Answers are at the end of the post.
Notes
Note 1: In the real world, usually three or more different minerals are used to cross-check the answer. The points should all fall on a line, and if they don’t you know that one of your assumptions broke down–usually, either because the system has either experienced some mixing with the surroundings, throwing off the counts, or the minerals you measured were not actually all formed at the same time. I love how clever scientists are in deducing useful things from obscure clues!

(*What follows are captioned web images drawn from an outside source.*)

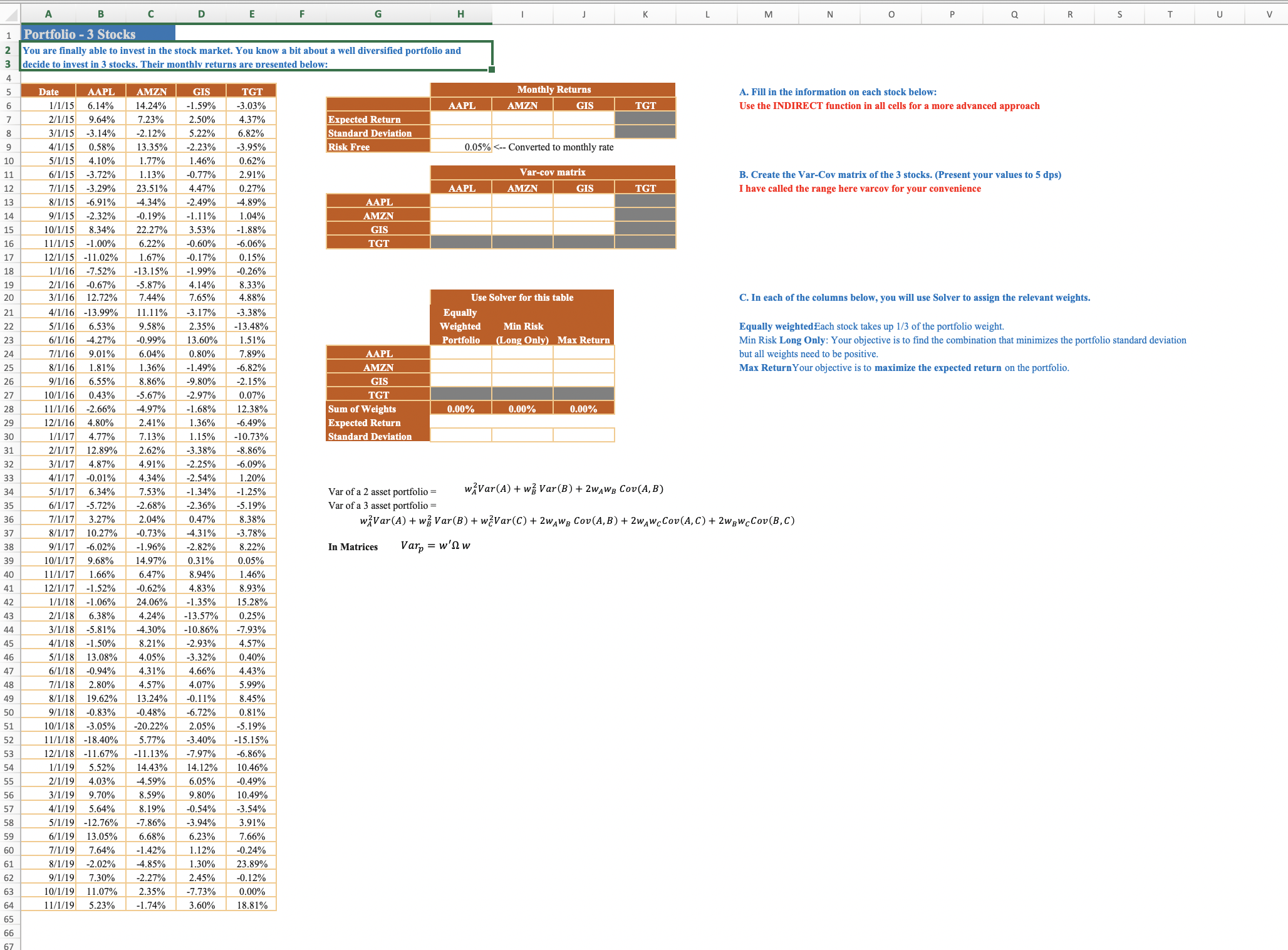 Home Insert Page Layout Formulas Data Review View Times New R... *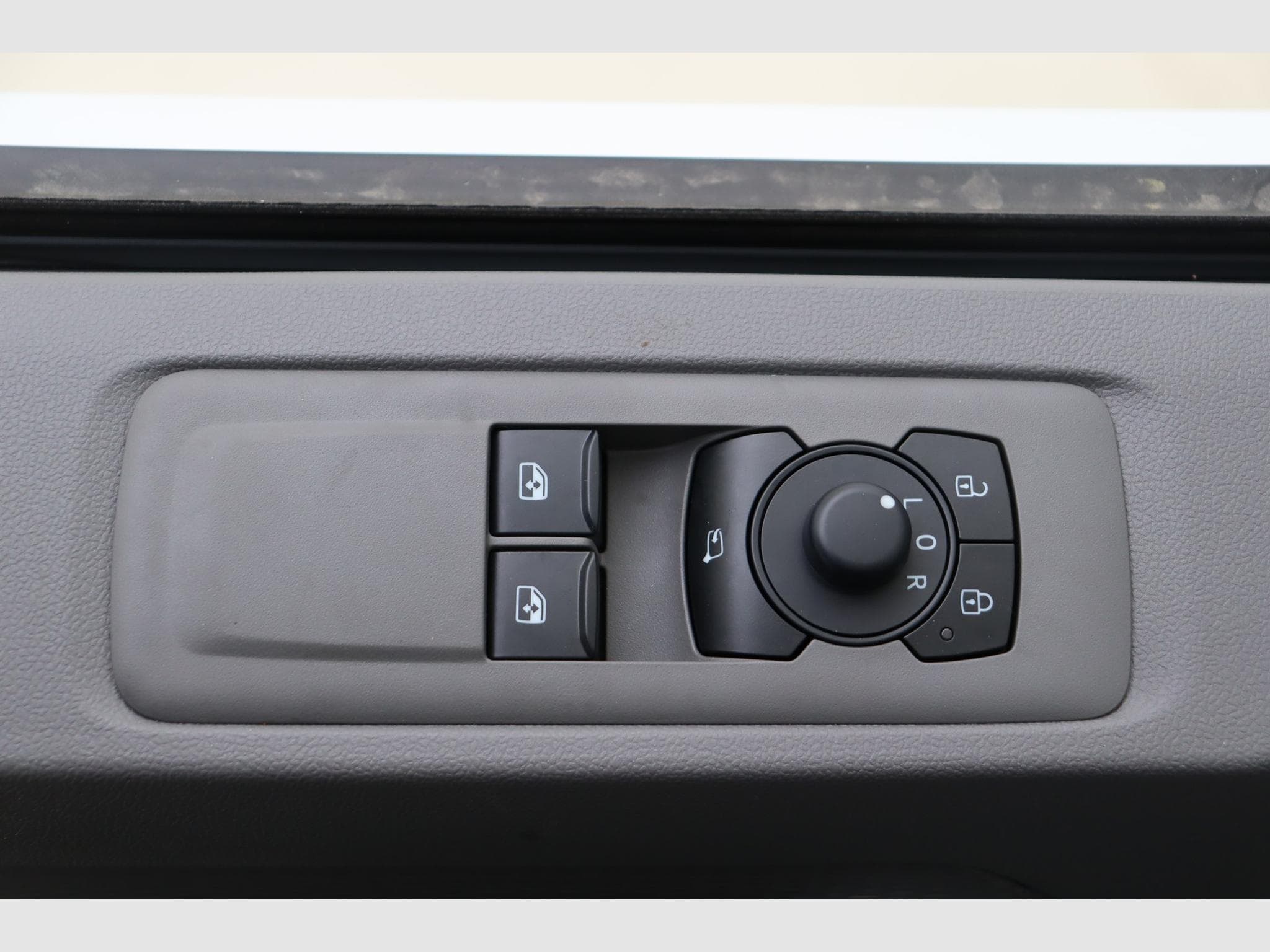 VW T6.1 T7 Fourgon 3500 mm (2026) - Foto 14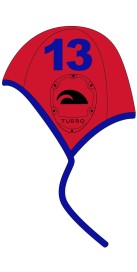 New Génération Bleu Adulte...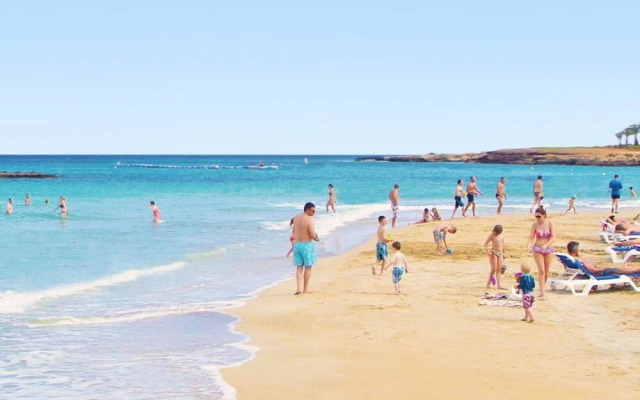 Ourania Protaras in Protaras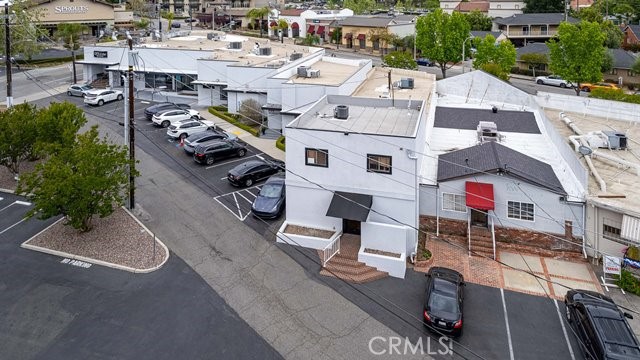 842 Foothill Boulevard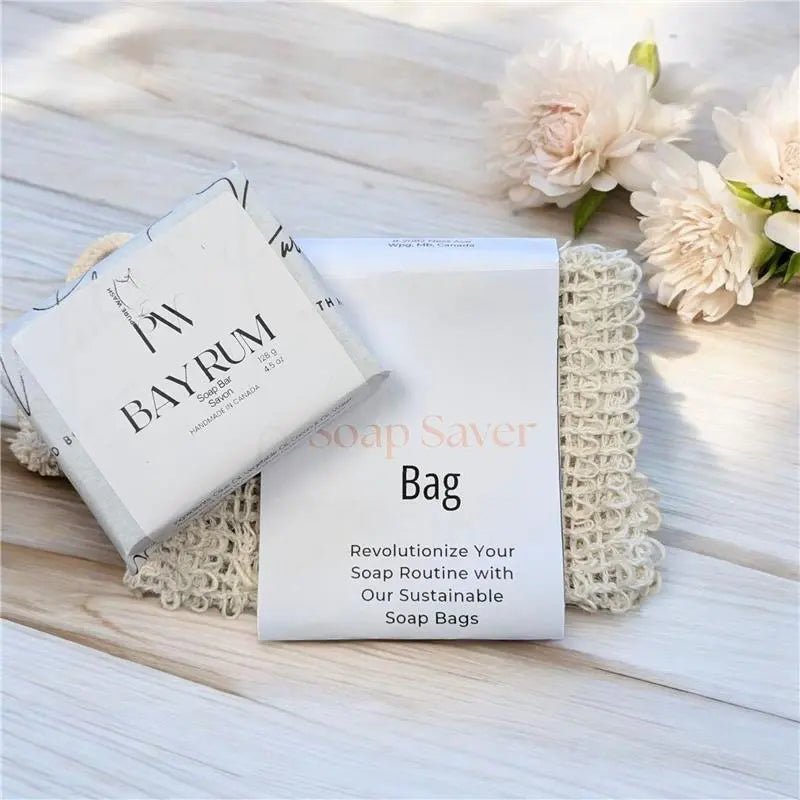 'Thank You' Gift Box - Pure Wash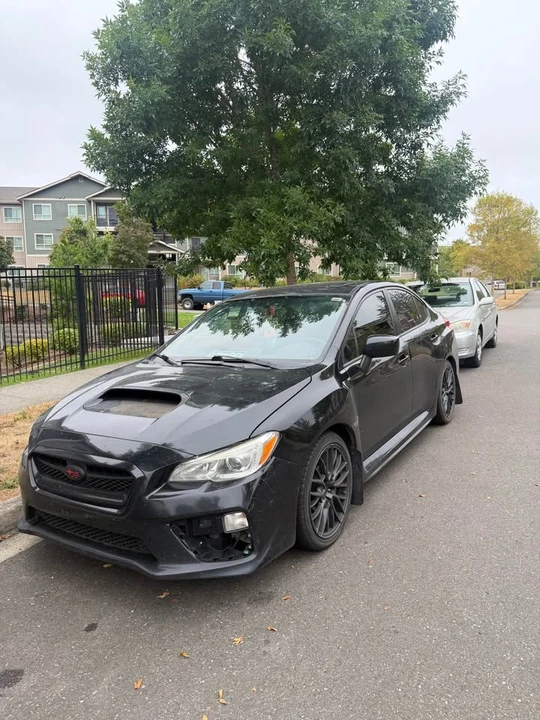 2016 Subaru Impreza WRX 4th Gen - Image 4 of 7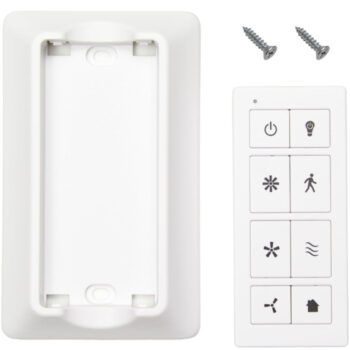 2AQZU-18052 Ceiling Fan Remote Control Kit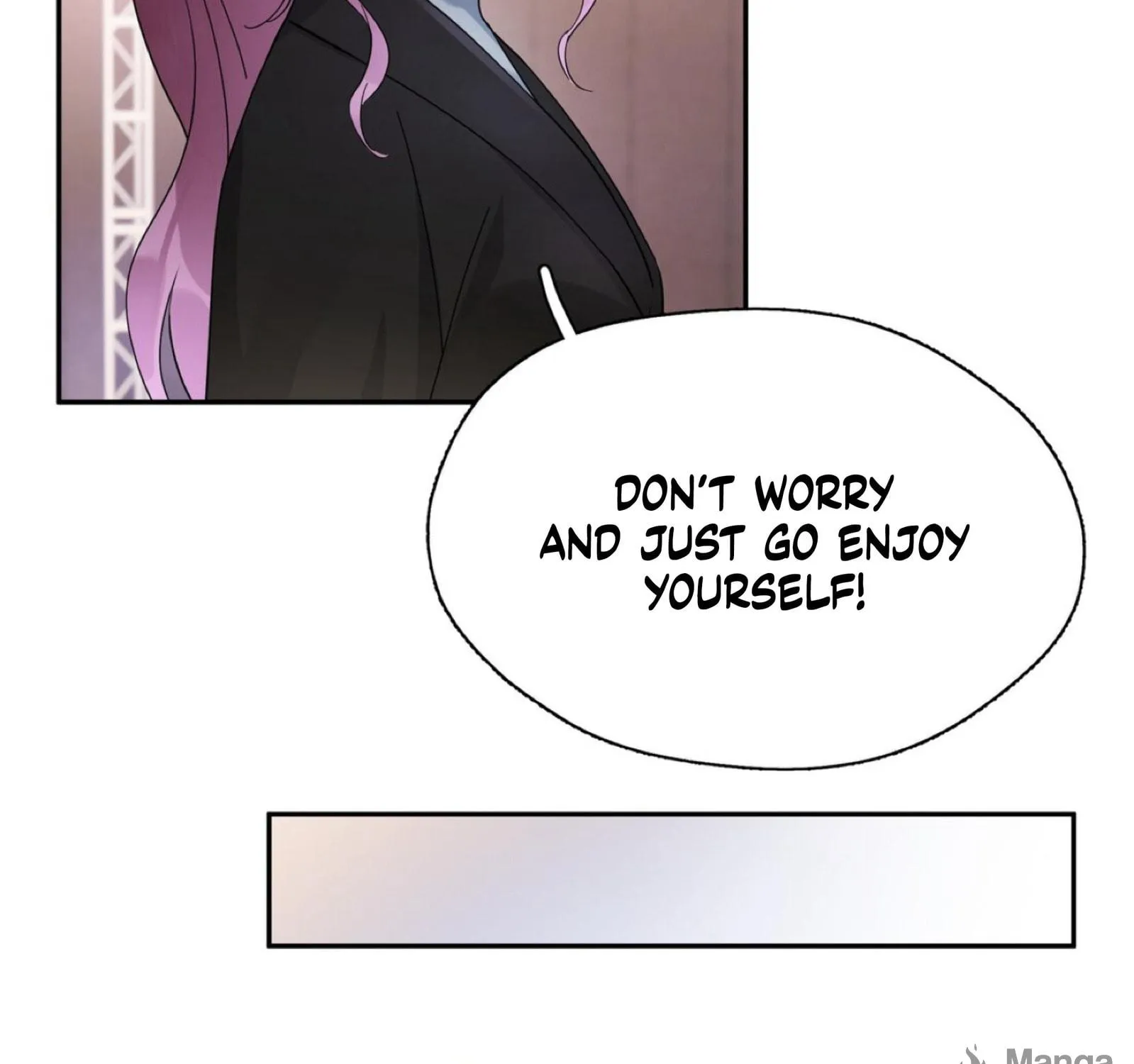 Read Unexpected Luck chapter 18 image 135 on Lezhin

Note 2: Not all types of rock are suitable for isochron dating, since it requires there to be a second, naturally-occurring stable daughter isotope and multiple different types of mineral in the same rock. However, when you can’t use isochron dating, all is not lost! There are a couple of ways to get around this limitation. Certain mineral crystals fortunately include radioactive atoms but exclude all daughter isotopes when they form, allowing you to assume that the starting number of daughter atoms in the crystal is zero. Potassium-argon dating is one of those. For carbon dating, scientists have used all sorts of naturally carbon-storing fossils and structures, such as tree rings, corals, the shells of foraminifera (tiny marine shelly organisms), and stalagmites / stalactites, to create graphs of the proportion of radioactive to nonradioactive carbon present in the atmosphere over the last few thousand years. These are known as calibration curves, and there are many curves depending on whether you’re in the Northern or Southern Hemisphere, in the ocean, or near a nuclear bomb explosion site.
Conclusion
I hope this post was informative and not too hard to follow! If nothing else, I’m happy to have compiled all this into one place on the Internet. While most of us probably won’t have to actually use radiometric dating ourselves at any point (even paleontologists send their samples off to labs that specialize in it), it’s always interesting to understand how we know what we know. Thanks for reading!
Answers to exercises
1 -
2 - It would be the same as the graph of year 1, but shifted up, since now we’re starting with a higher proportion of plain to flowered bricks. The new equation would be \(y=x+\frac{47}{14}\).